Entonces, ¿cómo poner en práctica la empatía y el altruismo, en una sociedad que fomenta la competencia y el individualismo?
Según Torres, es muy probable que un solo individuo egoísta tendrá éxito en alcanzar sus fines en el contexto de una sociedad que requiere la acción cooperativa. “Lo vemos a diario en la interacción social cotidiana gobernada por costumbres cooperativas y cuidadosas de los propósitos y necesidades del otro.
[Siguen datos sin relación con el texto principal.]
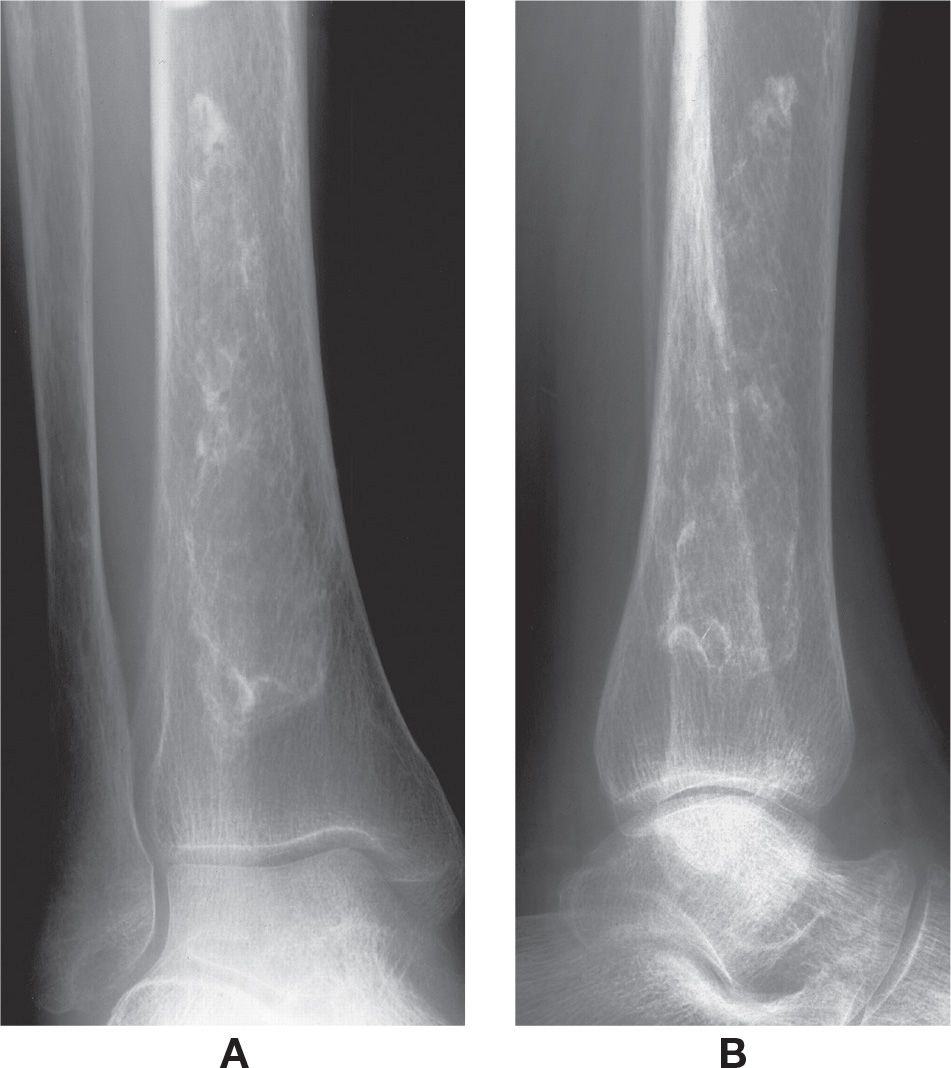 17: Osteonecrosis and Osteochondrosis | Musculoskeletal Key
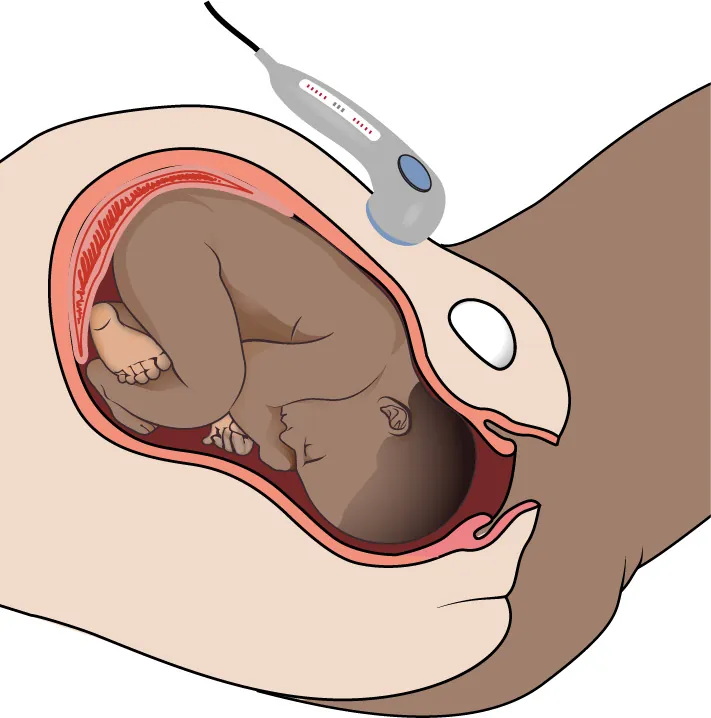 Image of fetus in utero with a vibroacoustic stimulator resting atop the abdomen.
Saltarse estas costumbres puede tener como sanción solo un reproche moral que no detiene el impulso egoísta”, dice.
Pero, sostiene, es difícil pensar que funcione una sociedad en donde no sean uno, o dos, quienes se salten la fila o se lleven un producto sin pagar en el supermercado, sino que todos traten de hacerlo. “Eso tendría como resultado la desintegración de la vida social y de los fines colectivos. En una situación de crisis realmente ocurre esto, pero las crisis nunca son permanentes. No sería posible la vida social si fuéramos todos egoístas o aprovechadores. Es un elemento constitutivo de la vida social la existencia de la acción cooperativa, cualquiera sea su origen”, asevera el filósofo.
En ese sentido, Cid señala que la empatía y la reciprocidad se ponen primero en práctica en los espacios de cuidado y cooperación más íntimo: la familia, las redes de amigos, la comunidad inmediata. “Es posible también construir y ampliar redes de cuidado progresivamente más extendidas, con base vecinal (como es el caso de las juntas de vecinos, las ollas comunes, las asambleas barriales), territorial o asociados a temas específicos (como los comités de defensa territoriales, cooperativas, mutuales o la participación en organizaciones sociales de apoyo mutuo y de beneficencia). En esos espacios existe una relación y una economía de regalos, cooperación y cuidado, que es posible ampliar y fortalecer”, dice.
Algo similar opina Quintanilla, quien sostiene que, en líneas generales, “un niño que crezca en una comunidad empática, solidaria y cooperativa, tenderá a comportarse de esa manera, mientras que un niño formado en una comunidad egoísta adoptará esas características”.
Pero, agrega, se debe asociar lo cognitivo con lo afectivo. “La persona tiene que entender que el bien del grupo es su propio bien y también debe acostumbrarse a que el sufrimiento ajeno le resulte doloroso e incluso intolerable. Eso está asociado al sistema de neuronas espejo, propio de los seres humanos y de otros primates, que nos conduce naturalmente a sufrir ante el sufrimiento ajeno. Pero eso también es algo que se moldea con la educación y la vida. Las circunstancias pueden hacer que uno bloquee esa tendencia natural o que la desarrolle”.